(Beginning of Dataset)

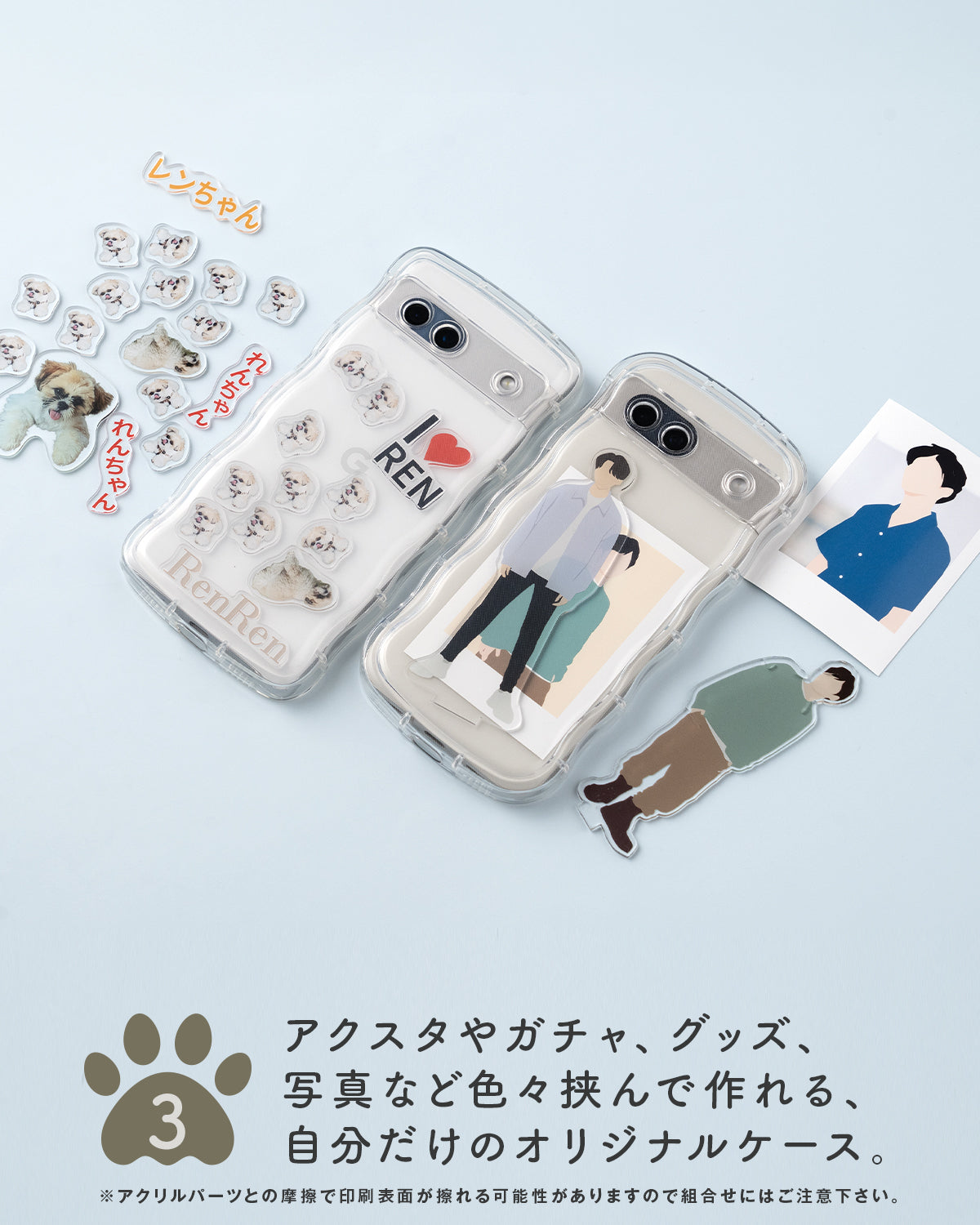 google pixel 8a / 7a対応オリジナルが作れるシャカシャカスマホケース
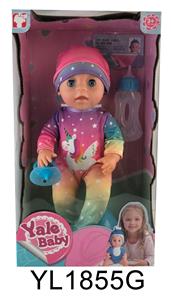 30厘米活动眼娃娃带喝水尿尿功能带马桶. - OBL896854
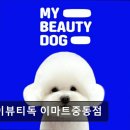 (주)이마트 해운대점 몰리스 펫샵 | {부천, 강아지, 고양이, 애견미용, 추천!) 마이뷰티독 이마트중동점 부천 마이뷰티독, 전문 미용 서비스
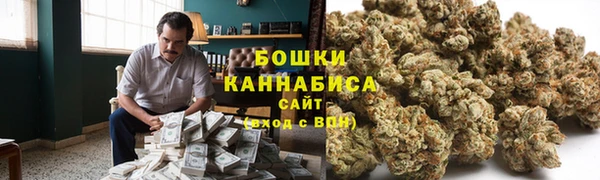 меф Аркадак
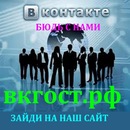 Илья Мальцев фотография #1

(End of Dataset)

• **Aim of the exercise**
Begin at the line containing "30厘米活动眼娃娃带喝水尿尿功能带马桶. - OBL896854" and stop at the last line of the data. Repeat only those lines, exactly, and leave out the pictures.

• **Solution to this problem**
 30厘米活动眼娃娃带喝水尿尿功能带马桶. - OBL896854
 (주)이마트 해운대점 몰리스 펫샵 | {부천, 강아지, 고양이, 애견미용, 추천!) 마이뷰티독 이마트중동점 부천 마이뷰티독, 전문 미용 서비스
 меф Аркадак
 Илья Мальцев фотография #1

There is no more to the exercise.